Assume CAPM holds: E[R_{i}] = r + \beta_{i}(E[R_{m}]-r), in which the systematic risk of stock i is \beta_{i}\sim\mathcal{N}(1,\sigma^{2}). Realized return \hat{R_{i}} is the same as expected return E[R_{i}]

Scenario 1: CAPM is tested cross-sectionally with a full sample with infinite number of stocks and there’s no estimation error between theoretical beta and estimated beta. i.e., \hat{\beta_{i}} \equiv \beta_{i}. The coefficient of this regression is:

\frac{cov(\hat{R_{i}}-r, \hat{\beta_{i}})}{var(\hat{\beta_{i}})} = \frac{cov(E[R_{i}]-r, {\beta_{i}})}{var({\beta_{i}})} = \frac{\sigma^2}{\sigma^2 + 0}(E[R_{m}]-r) = 1* (E[R_{m}]-r)

Interpretation: stock returns are perfectly linear (coef = 1) to their exposure to the market risk premium; beta is the perfect predictor of stock returns.
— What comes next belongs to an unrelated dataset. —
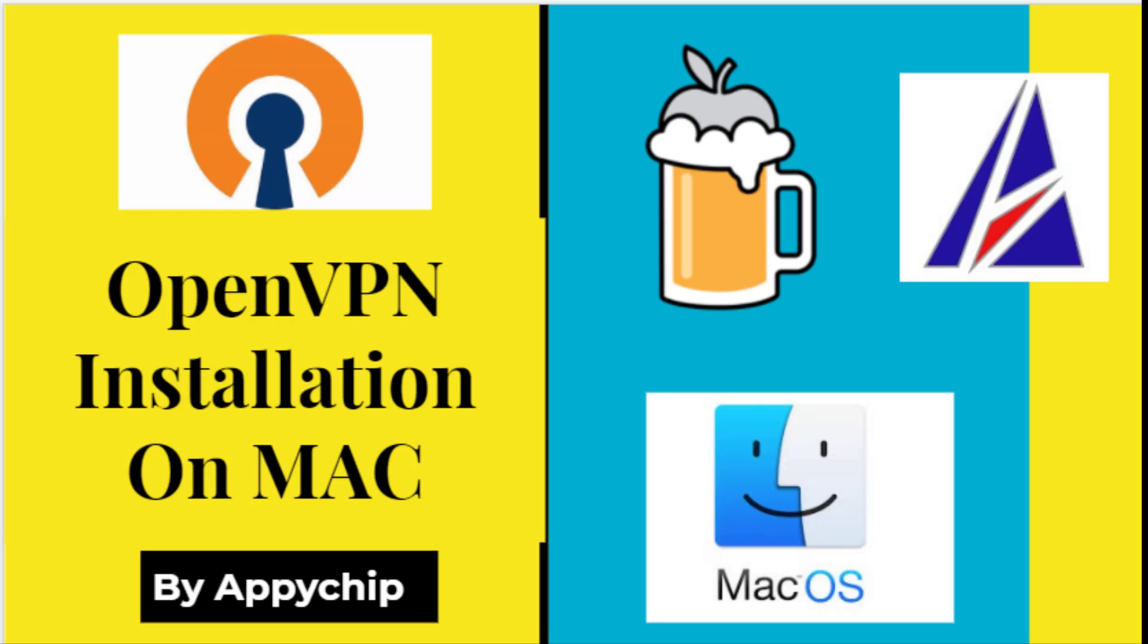Hello everyone, welcome to the channel Appychip. In this video we are going to see how to install OpenVPN on macOS. You can use this method to install OpenVPN on different varieties of macOS like Mojave, Catalina, etc.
Scenario 2: there’s error in estimated beta, i.e., \hat{\beta_{i}} = \beta_{i} + \epsilon_{i}, \epsilon_{i} \sim\mathcal{N}(1,\theta^2). This is where the trouble originates. The existence of \epsilon_{i} gave birth to the original noise \theta, which will get passed down through the rest of the test. As we can see, the coefficient of the same test is already contaminated:

\frac{cov(\hat{R_{i}}-r, \hat{\beta_{i}})}{var(\hat{\beta_{i}})} = \frac{cov(E[R_{i}]-r, {\beta_{i}}+\epsilon_{i})}{var({\beta_{i}}+\epsilon_{i})} = \frac{\sigma^2}{\sigma^2 + \theta^2}(E[R_{m}]-r)

* Assuming estimated and observed returns are the same for convenience.

Interpretation: \frac{\sigma^2}{\sigma^2 + \theta^2} < 1, stock returns are less sensitive to how much systematic risk they are bearing; beta is less of a perfect predictor of stock returns.

Scenario 3: now all stocks are sorted into N fractiles by a variable linearly correlated to beta. Within the jth fractile, the conditional variance of \beta is now redefined:

\sigma_{j}^{2} \equiv var(\beta_{j}|i\in j) = \sigma^{2}g(j),

where g(j) is a concave-up function that “shrinks” \sigma^{2} when all stocks are in the jth fractile (a partial integral of the full sample).

Run the regression test again the coefficient is now:

\frac{\sigma^{2}g(j)}{\sigma^{2}g(j) + \theta^2}(E[R_{m}]-r) = \frac{\sigma^{2}}{\sigma^{2} + \theta^{2}/g(j)}(E[R_{m}]-r)

Interpretation: g(j), a term born from the sorting process, is now serving as a “noise amplifier”. It enhances \theta^{2} when it gets smaller and dampens the coefficient as a result. As a concave-up function, it gets smaller when N is larger and/or j moves closer to the middle among groups. The graph below shows how the coefficient changes with g(j) when E[R_{m}-r is fixed at 1, \sigma^{2} = 0.10 and \theta^{2} = 0.05



To illustrate with actual data, 2,000 stock betas are randomly generated with mean 1 and standard deviation 0.50; 2,000 expected returns are calculated using these betas, market return 6.00% and risk-free rate 1.00%; estimated betas are calculated by adding 2,000 random errors with mean 0 and standard deviation 0.05. All estimated returns are ranked from low to high and this will be used as the basis for sorting. In summary:

  • Number of stocks k = 2,000
  • \beta_{i}\sim\mathcal{N}(1,0.5)
  • E[R_{i}] = 0.01 + \beta_{i}(0.06 - 0.01) = 0.01 + \beta_{i}(0.05)
  • \epsilon_{i}\sim\mathcal{N}(0,0.05)
  • \hat{\beta_{i}} = \beta_{i} + \epsilon_{i}

Test for scenario 1. Run regression E[R_{i}] = \alpha + \lambda \beta_{i} + \varepsilon_{i}. We get \alpha = 0.0100, \lambda = 0.0500, R-squared = 1.00. Essentially perfect fit.

Test for scenario 2. Run regression E[R_{i}] = \alpha + \lambda \hat{\beta_{i}} + \varepsilon_{i}. We get \alpha = 0.01068, \lambda = 0.04943, R-squared = 0.9902.

Test for scenario 3. Run regression E[R_{i}|i \in j] = \alpha_{j} + \lambda_{j} \hat{\beta_{i}} + \varepsilon_{ij}; j \in [1, N].

By setting N = 5, 10, 20, 50, respectively, the coefficients in each group are as follows:



The results are consistent with Berk’s findings. The more groups the stocks are sorted into, the less predictive power beta has on expected returns; the further away j moves towards the center among all groups, the more pronouncing this effect gets.